Source data >>

◇ ◇ ◇

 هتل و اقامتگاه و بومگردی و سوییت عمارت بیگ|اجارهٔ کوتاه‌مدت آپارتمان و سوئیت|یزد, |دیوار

◇ ◇ ◇

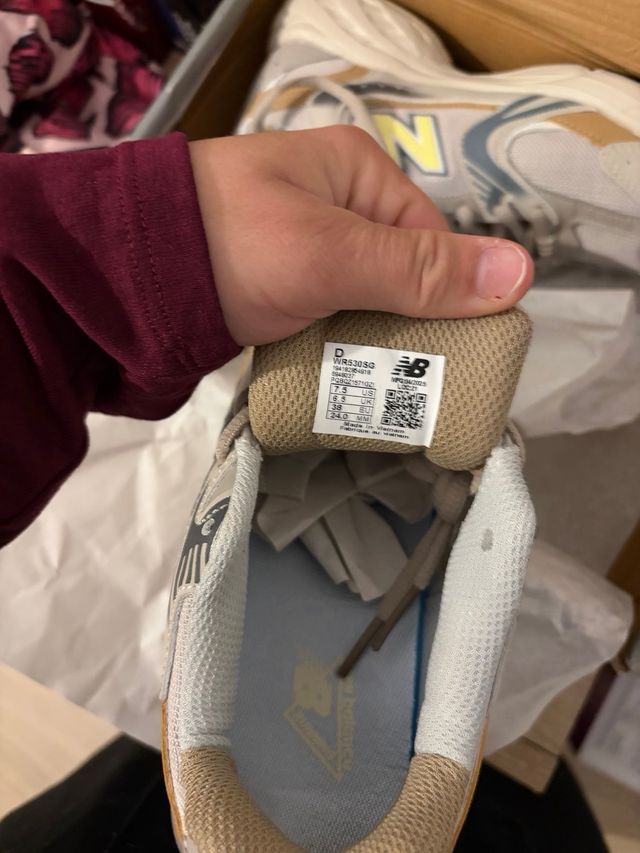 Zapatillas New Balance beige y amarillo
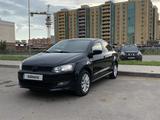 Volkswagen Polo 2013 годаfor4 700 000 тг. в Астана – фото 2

◇ ◇ ◇

Problem requirements >>
Within the listing above, the stretch from the line with "Zapatillas New Balance beige y amarillo" down to the line with "Volkswagen Polo 2013" is to be given again exactly, end lines included and pictures excluded.

Reply to the exercise >>
 Zapatillas New Balance beige y amarillo
 Volkswagen Polo 2013 годаfor4 700 000 тг. в Астана – фото 2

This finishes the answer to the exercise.